Hola, amigos. Disculpad que haya estado tanto tiempo sin escribir. No sé si podré volver a hacerlo asiduamente pero hoy he encontrado un hueco y un tema motivador: la captura del tiburón de Tarragona.
Personalmente, me ha parecido una excelente noticia. Más que nada, porque no creo que hubiera otras soluciones razonables distintas al desalojo. He decidido recuperar esa vieja costumbre de cagarme en todo al leer algunos comentarios publicados en la prensa. Unos ejemplos:
Pobre animal. Dejadle vivir en paz en su hábitat, que es el mar.
¿Desde cuándo el hábitat de los tiburones es la orilla de la playa? Este caso tiene que ser investigado. O bien el tiburón está enfermo o bien algún desaprensivo que lo criaba en un acuario lo soltó al mar al ver que ya no podía mantenerlo.
Pobrecito. ¡Qué lástima de tiburón si no es peligroso!
Un tiburón gris te puede arrancar un brazo de un mordisco, por eso había bandera roja en la playa. ¿Qué se tendría que haber hecho? ¿Era mejor tentar a la suerte cruzando los dedos para que el tiburón, en un mal día, no lisiara a nadie?
¿Dónde están esos catalanes antitaurinos?

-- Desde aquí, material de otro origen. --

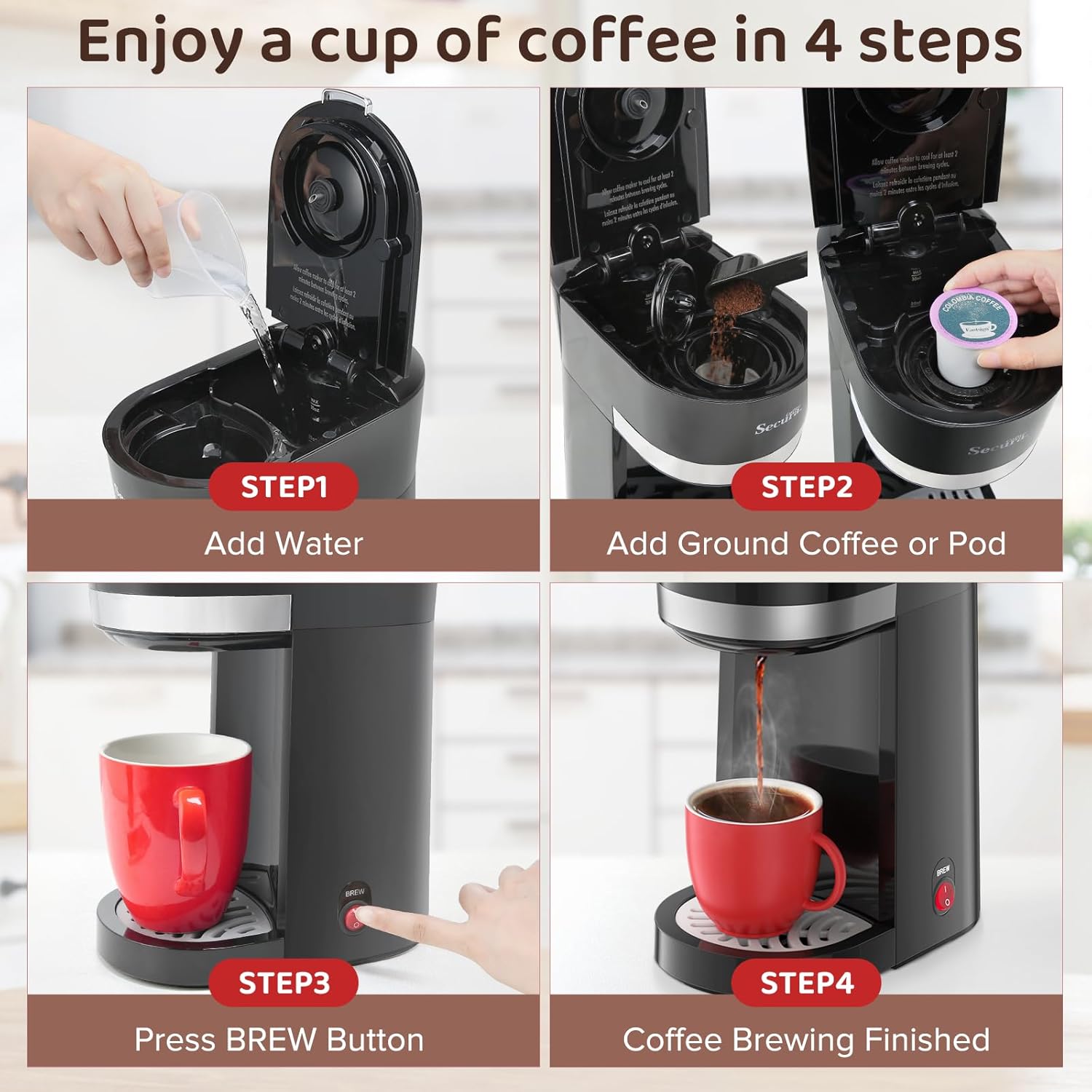 Secura Single Serve Coffee Maker for K CupGround Coffee Pods Cup Coffee Brewer with Ground Coffee Basket 12 Oz. Brew Size One Coffee Maker Capsule Coffee Machine for Travel Cup · v2
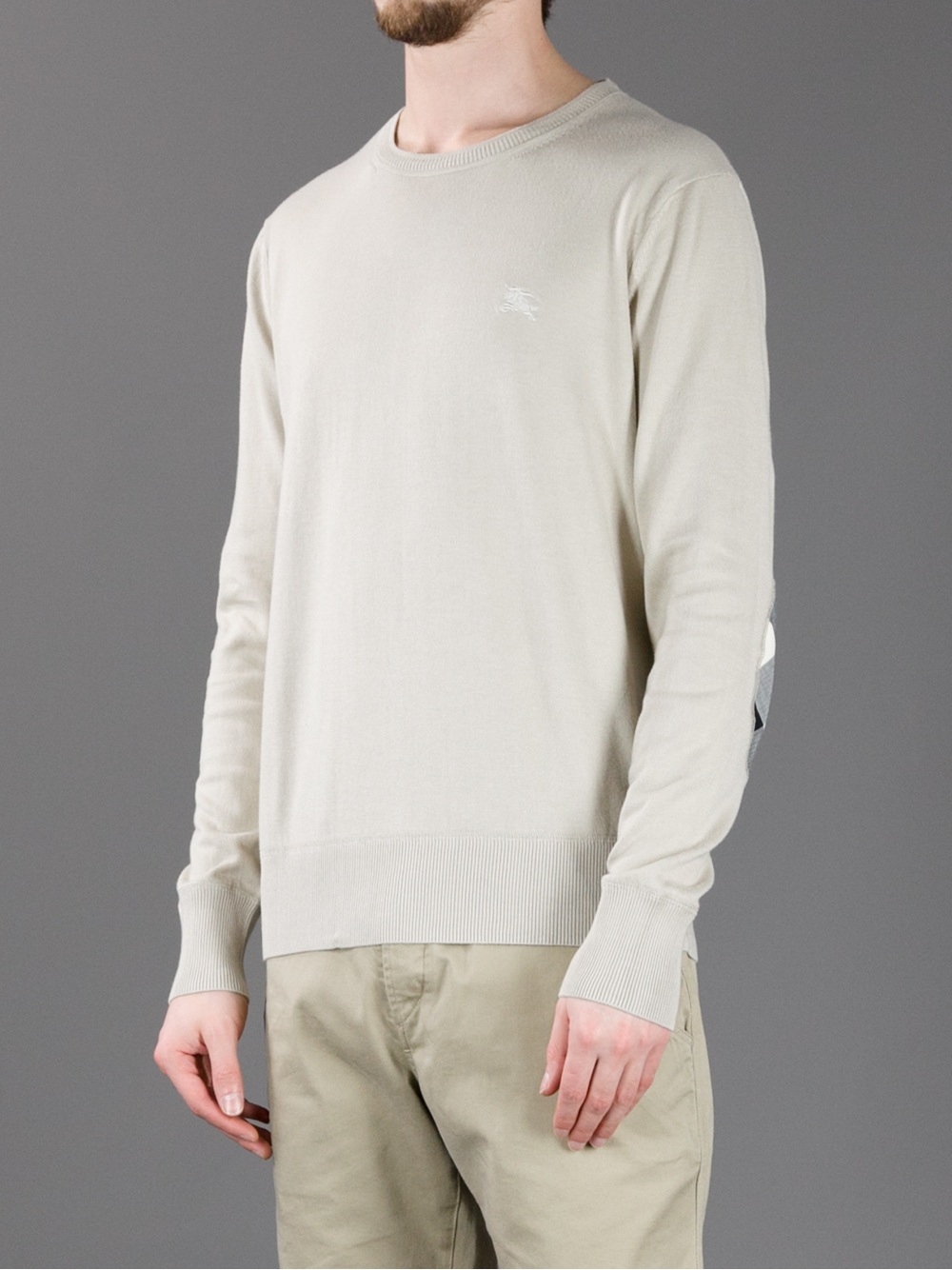 Lyst Burberry Brit Elbow Patch Sweater in Gray for Men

Hay que ser gilipollas para mezclar churras y merinas de esa forma.
Vaya chapuza de captura de los señores expertos.
Ya salió el listo que todo lo sabe. Los más ignorantes sobre este asunto (sin duda, los más osados) han propuesto alternativas al traslado al acuario de Barcelona. Yo no tengo ni puta idea de cuál era la mejor solución pero, precisamente por eso, imagino que quienes saben de esto habrán actuado con profesionalidad.
Leyendo este tipo de comentarios, no puedo hacer otra cosa que cagarme en la demagogia y, por extensión, en todos esos ecologistas plañideros, que prefieren que un tiburón desorientado siga amenazando bañistas, en lugar de que sea tratado en una clínica para animales. Si todo va bien, el escualo se recuperará en unos días y será liberado en alta mar.
Me he quedado a gusto... Estoy mucho mejor.